Our first objective was to figure out where we were going to stay. We stopped briefly at the very helpful information desk to get our bearings and were directed to a courtesy phone where we dialled several numbers from the accommodation section of our guidebook. This weekend has seen something of a brief influx of people into the city and many of the hostels and guidebook recommendations that we tried were fully booked for the night. Our first choice of hostel were not answering the phone and our second had no double rooms but the nice woman did tell us to call back if we had no luck elsewhere and she would see what could be arranged. In fact we did end up calling her back after a while and she gave us directions on how to get here by bus. The public buses from the airport into town are all orange double-deckers. We had a comfortable ride sitting at the front on the top deck and had some magnificent views of both Hong Kong Island and Kowloon on the way in. The driver was friendly and helpful even if the tickets did cost of HK$40 ($5,40) each. He also spoke pretty good English. Indeed almost everyone we’ve come into contact with so far speaks either perfect or near perfect English.

Something else that became apparent to us at the airport was that there are shops here such as supermarkets and other places where you can buy almost anything. This is noteworthy only because shops really didn’t exist as such in India. There were traders operating from small shop like premises and there were carts on the streets with fruit and the like but not once, for example, did we see a supermarket or any other regular shop anywhere in India. If India was a third world country, then we are most definitely back in the developed first world here in Hong Kong.

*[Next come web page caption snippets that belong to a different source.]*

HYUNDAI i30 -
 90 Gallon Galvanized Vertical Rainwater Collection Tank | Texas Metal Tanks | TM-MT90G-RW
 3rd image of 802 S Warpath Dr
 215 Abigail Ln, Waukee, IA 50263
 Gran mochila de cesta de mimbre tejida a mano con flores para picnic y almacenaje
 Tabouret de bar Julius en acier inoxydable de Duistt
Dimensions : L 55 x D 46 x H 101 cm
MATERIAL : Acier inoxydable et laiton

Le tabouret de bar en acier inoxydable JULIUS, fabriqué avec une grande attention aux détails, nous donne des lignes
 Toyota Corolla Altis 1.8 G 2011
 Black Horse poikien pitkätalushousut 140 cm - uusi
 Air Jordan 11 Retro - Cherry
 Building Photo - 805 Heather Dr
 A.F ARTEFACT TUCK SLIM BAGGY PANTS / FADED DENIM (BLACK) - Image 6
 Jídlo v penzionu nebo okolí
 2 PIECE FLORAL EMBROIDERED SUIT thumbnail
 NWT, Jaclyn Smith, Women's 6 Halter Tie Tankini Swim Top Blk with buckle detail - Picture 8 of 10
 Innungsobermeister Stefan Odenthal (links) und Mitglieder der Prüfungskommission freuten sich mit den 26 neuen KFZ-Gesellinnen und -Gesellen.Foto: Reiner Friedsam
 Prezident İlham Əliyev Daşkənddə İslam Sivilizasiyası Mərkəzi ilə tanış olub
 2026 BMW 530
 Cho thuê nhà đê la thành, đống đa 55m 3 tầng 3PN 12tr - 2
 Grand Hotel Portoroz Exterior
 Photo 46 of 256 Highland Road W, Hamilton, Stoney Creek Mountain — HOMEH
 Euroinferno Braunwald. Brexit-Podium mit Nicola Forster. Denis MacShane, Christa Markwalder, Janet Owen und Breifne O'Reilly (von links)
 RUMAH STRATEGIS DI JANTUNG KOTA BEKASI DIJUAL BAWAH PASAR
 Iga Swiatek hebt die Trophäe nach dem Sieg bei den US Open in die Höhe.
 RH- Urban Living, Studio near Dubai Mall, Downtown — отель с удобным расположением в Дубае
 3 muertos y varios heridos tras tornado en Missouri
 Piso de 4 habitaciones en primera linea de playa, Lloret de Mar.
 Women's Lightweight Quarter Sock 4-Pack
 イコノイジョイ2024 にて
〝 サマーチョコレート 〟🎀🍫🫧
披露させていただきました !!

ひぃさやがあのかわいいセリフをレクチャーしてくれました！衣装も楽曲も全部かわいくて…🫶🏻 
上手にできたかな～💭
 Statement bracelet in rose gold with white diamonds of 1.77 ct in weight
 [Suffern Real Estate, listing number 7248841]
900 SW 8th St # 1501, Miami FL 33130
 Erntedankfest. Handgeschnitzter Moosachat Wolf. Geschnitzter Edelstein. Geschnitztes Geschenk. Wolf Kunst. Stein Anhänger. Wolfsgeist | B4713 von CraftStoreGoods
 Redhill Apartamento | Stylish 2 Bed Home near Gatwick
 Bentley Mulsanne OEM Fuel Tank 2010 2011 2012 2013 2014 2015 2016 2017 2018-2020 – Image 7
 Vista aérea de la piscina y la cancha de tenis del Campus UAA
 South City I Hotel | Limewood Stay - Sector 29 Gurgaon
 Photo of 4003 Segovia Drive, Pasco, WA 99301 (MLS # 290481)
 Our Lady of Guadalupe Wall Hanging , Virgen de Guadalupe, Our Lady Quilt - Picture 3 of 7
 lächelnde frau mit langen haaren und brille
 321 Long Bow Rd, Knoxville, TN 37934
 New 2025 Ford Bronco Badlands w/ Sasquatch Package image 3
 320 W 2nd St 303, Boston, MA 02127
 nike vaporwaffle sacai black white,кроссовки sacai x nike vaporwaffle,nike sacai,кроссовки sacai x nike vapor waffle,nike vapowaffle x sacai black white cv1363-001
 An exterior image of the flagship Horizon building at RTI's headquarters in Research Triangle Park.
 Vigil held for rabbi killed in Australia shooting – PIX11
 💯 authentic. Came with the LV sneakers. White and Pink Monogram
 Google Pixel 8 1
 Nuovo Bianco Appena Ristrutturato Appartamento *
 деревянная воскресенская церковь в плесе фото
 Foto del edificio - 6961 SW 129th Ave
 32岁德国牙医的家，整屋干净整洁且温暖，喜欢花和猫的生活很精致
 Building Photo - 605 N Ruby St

Our hostel is located on the elevenths floor (although it doesn’t seem to be actually much higher than about the seventh floor, we have quite figured this out yet) in a very busy part of town that is very reminiscent of New York’s Time Square. Lots of neon lights toting western goods and services light up the night’s sky and thousands of people are coming and going down on the street below. The one big advantage of our room being so high up is that we can hear no noise from the street.

Our hostel room is one of a half dozen or more that occupy this entire floor. There is another series of rooms a few floors above us where we actually checked in. The conditions are very close and cramped but spotlessly clean and we have little to complain about. It almost feels like a cubicle in our room, which is a tad more than two metres wide and about five metres in length. About a quarter of the floor space has been walled off behind which is a very petite bathroom with a half bath, toilet and vanity basin. We do have a very quiet A/C unit, which is nice, even if it does seem like it’s struggling to generate cool air, and there is a small TV also. The two small beds are separated in the middle by a small bedside unit. All in all, it’s a very comfortable room but probably not to the liking of anyone who might be even just a little bit claustrophobic.

After spending the past few weeks living off a very limit variety in our diet, we decided that we should take immediate advantage of the wide variety of food outlets in this part of town. The cow is not so holy here and so a nice, big, juicy stake was somewhere to be found, looking to be utterly devoured. We found it at an Outback Steakhouse just opposite our building. I don’t think I’ve ever tasted such a beautiful piece of meat before – certainly I’ve never longed for one quite as much. We will do our best to sample some of the local cuisine but this prolonged absence of beef just begged to be put and end to and we were not going to wait any longer. We reckon that we must have chosen a particularly expensive restaurant, as the total bill for the meal came to HK$440 ($60) after the mandatory ten percent service charge. That made this meal more expensive than it probably would have cost in America but we really didn’t care. Our budget for Hong Kong is $200 per day. After spending HK$320 ($43,25) for the room, HK$80 ($10,80) for the bus ride into town, HK$100 ($13,50) for a new Hong Kong SIM card for the mobile phone, HK$125 ($16,90) for some sundries at the airport and HK$440 ($60) for a really nice meal, our total for today has come to HK$1065 ($144). That puts us ahead of the game already.